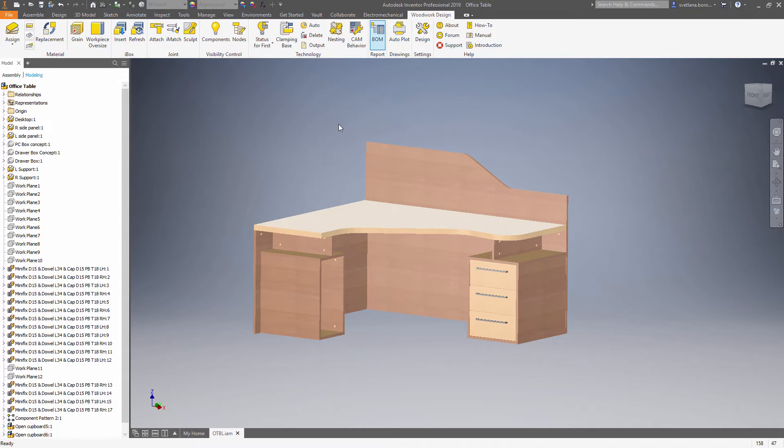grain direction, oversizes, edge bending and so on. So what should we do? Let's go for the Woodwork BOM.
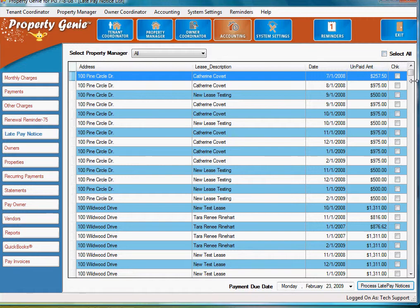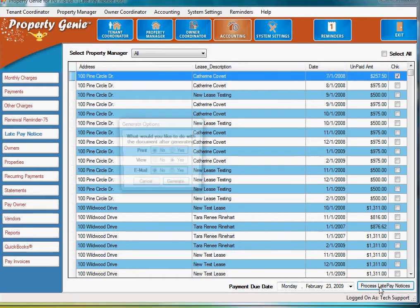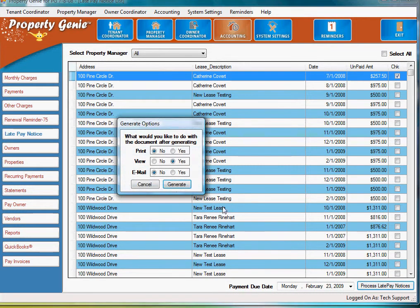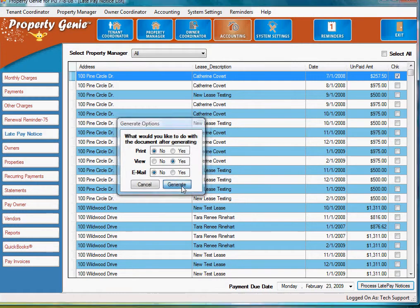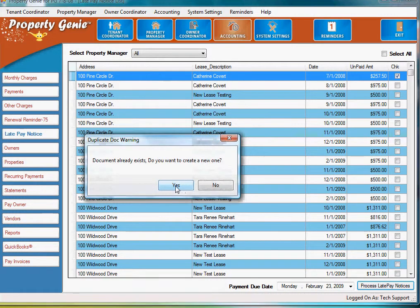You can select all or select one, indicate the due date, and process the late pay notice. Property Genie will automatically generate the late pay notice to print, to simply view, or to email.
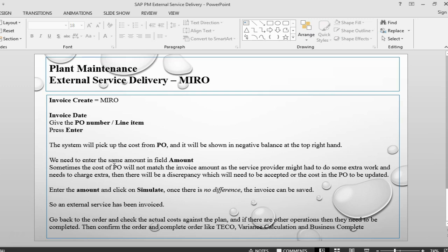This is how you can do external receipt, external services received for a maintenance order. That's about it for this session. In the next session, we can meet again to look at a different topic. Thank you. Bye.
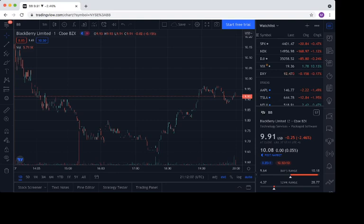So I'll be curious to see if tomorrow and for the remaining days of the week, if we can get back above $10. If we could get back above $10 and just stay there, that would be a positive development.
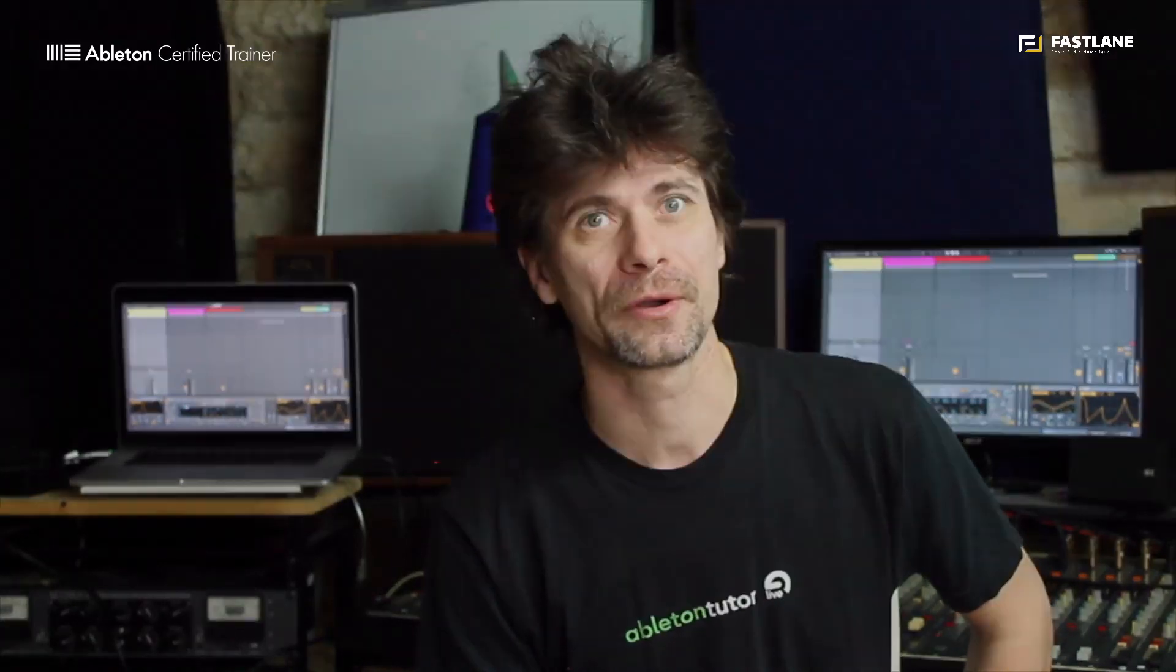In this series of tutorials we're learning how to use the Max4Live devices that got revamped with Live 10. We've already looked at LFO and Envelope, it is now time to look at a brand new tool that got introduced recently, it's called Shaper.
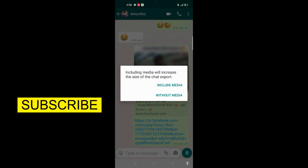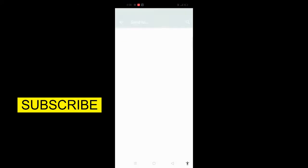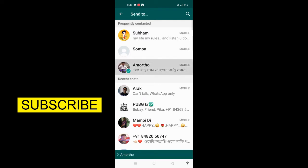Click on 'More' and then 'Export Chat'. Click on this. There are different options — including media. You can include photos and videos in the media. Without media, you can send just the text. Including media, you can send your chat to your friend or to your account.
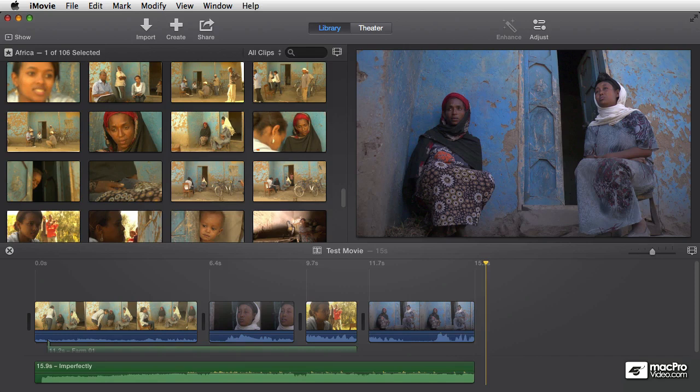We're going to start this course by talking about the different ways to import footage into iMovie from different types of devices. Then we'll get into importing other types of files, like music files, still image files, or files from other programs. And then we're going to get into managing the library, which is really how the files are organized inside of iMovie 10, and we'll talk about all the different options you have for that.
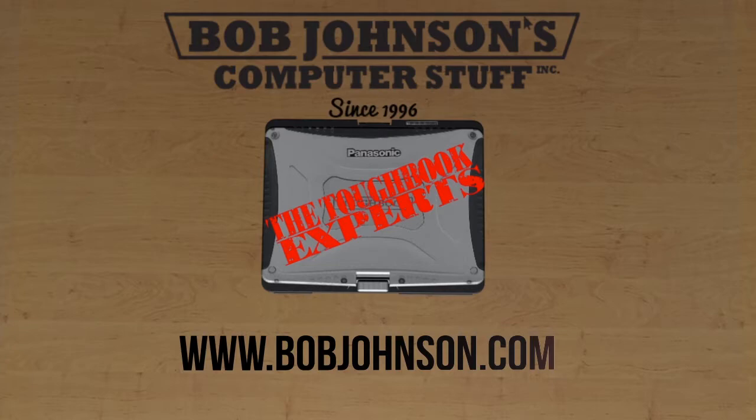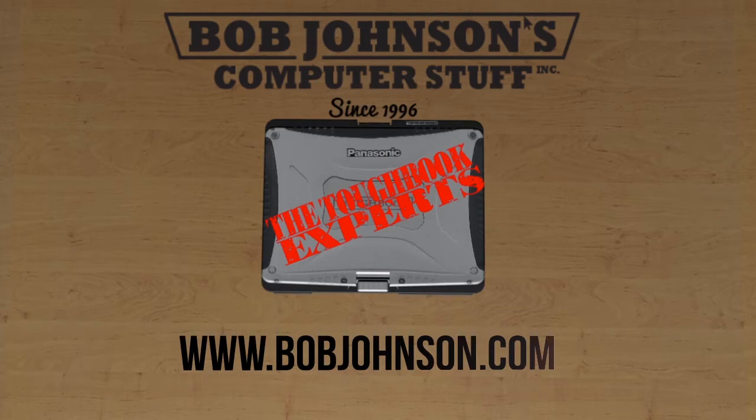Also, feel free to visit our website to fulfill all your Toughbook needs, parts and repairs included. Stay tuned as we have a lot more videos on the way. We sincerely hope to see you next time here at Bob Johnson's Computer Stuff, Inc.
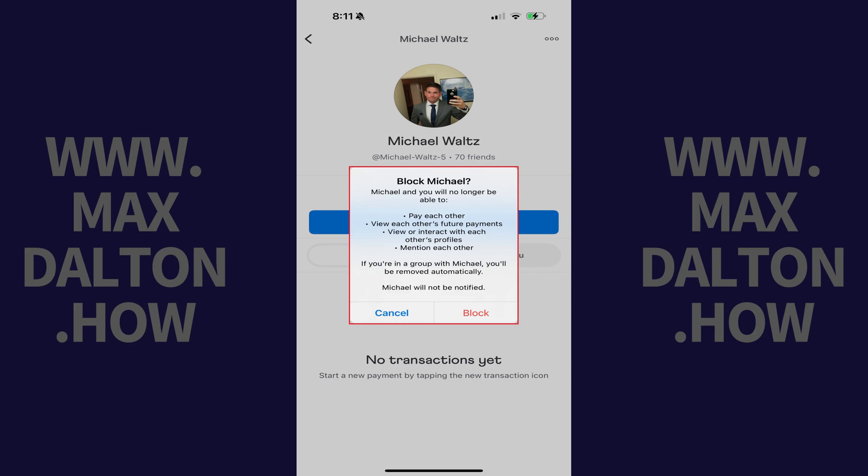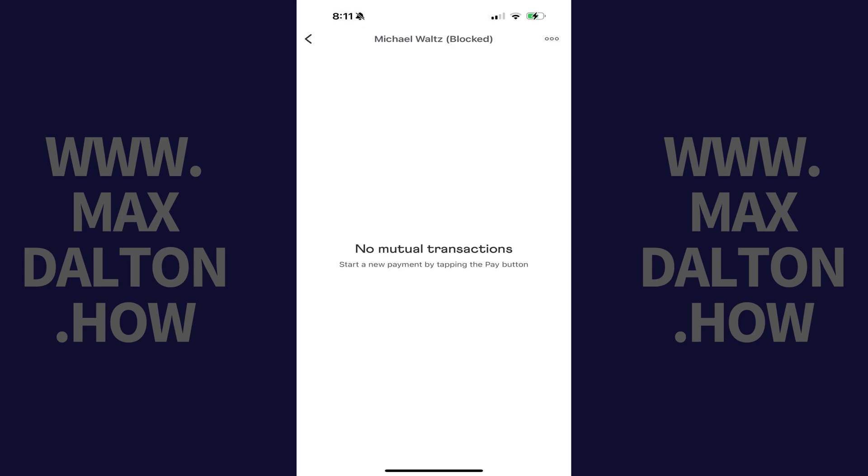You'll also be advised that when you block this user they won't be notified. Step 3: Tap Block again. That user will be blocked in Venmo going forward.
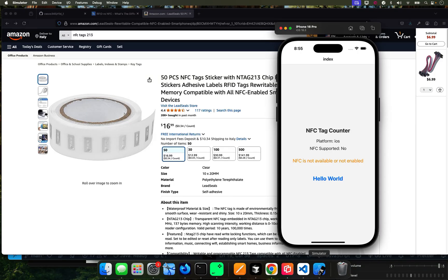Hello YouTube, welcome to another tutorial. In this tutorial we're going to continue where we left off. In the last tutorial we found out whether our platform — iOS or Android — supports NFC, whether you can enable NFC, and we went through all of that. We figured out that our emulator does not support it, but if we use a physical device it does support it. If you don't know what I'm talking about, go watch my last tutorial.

——

*Exercise brief:*
In the copy, include each line from the start of the material through the line with "Click on 'More'", word for word, but none of the pictures.

*Output for this exercise:*
grain direction, oversizes, edge bending and so on. So what should we do? Let's go for the Woodwork BOM.
You can select all or select one, indicate the due date, and process the late pay notice. Property Genie will automatically generate the late pay notice to print, to simply view, or to email.
This is how you can do external receipt, external services received for a maintenance order. That's about it for this session. In the next session, we can meet again to look at a different topic. Thank you. Bye.
So I'll be curious to see if tomorrow and for the remaining days of the week, if we can get back above $10. If we could get back above $10 and just stay there, that would be a positive development.
In this series of tutorials we're learning how to use the Max4Live devices that got revamped with Live 10. We've already looked at LFO and Envelope, it is now time to look at a brand new tool that got introduced recently, it's called Shaper.
Click on 'More' and then 'Export Chat'. Click on this. There are different options — including media. You can include photos and videos in the media. Without media, you can send just the text. Including media, you can send your chat to your friend or to your account.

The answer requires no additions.